Supplied material below:

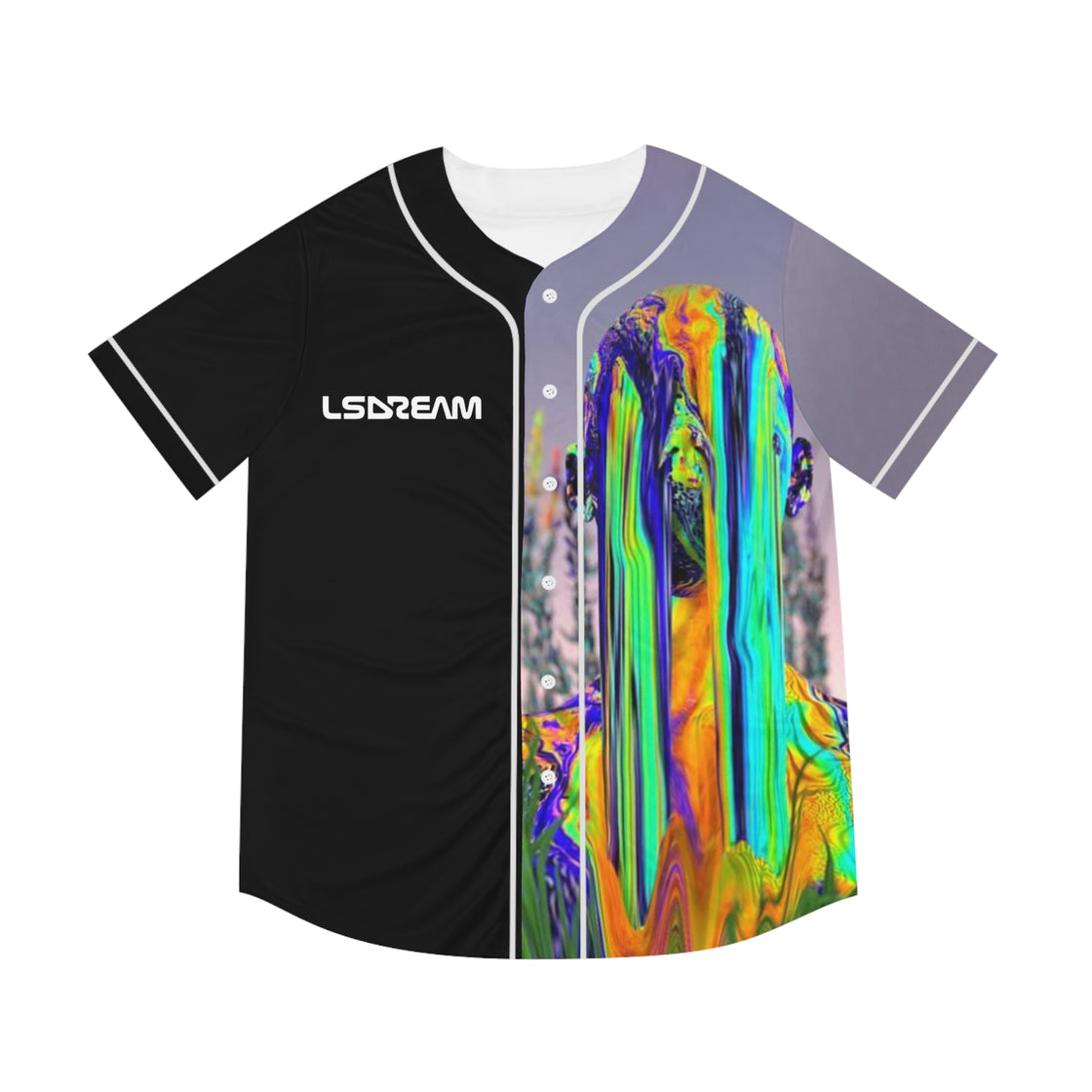 LSDREAM Jersey EDC Lost Lands Merch Electric Forest - EDMCLOTHINGSTORE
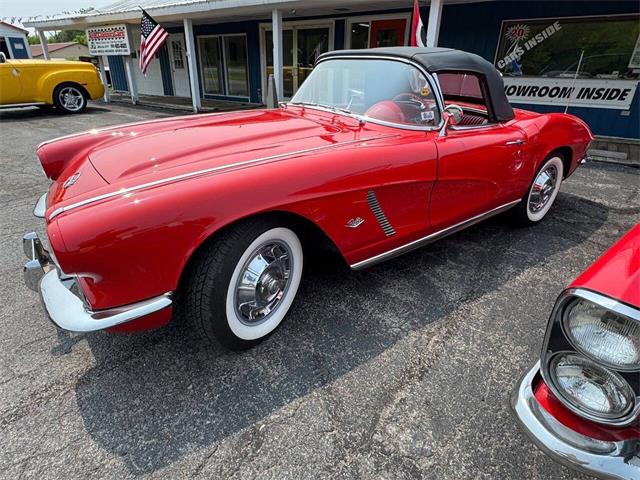 1962 Chevrolet Corvette (CC-2050651) for sale in Malone, New York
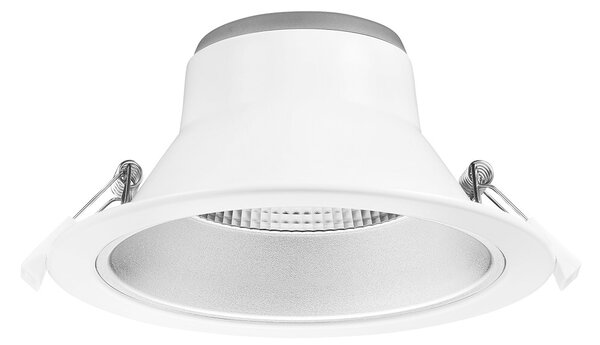 DOTLUX LED-Lampada da incasso CIRCLEugr-eco 20W 3000/4000/5700K COLORselect weiß rund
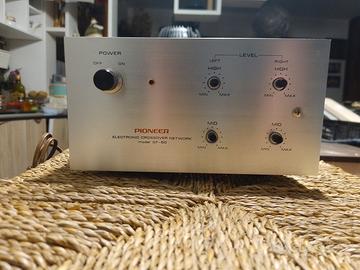 crossover elettronico Pioneer sf50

End of Supplied material.

• [What you are asked to do]
In the copy, include exactly the lines from the one with "DOTLUX LED-Lampada da" through the final line of the data, both ends included, and no pictures.

• [Answer for this exercise]
 DOTLUX LED-Lampada da incasso CIRCLEugr-eco 20W 3000/4000/5700K COLORselect weiß rund
 crossover elettronico Pioneer sf50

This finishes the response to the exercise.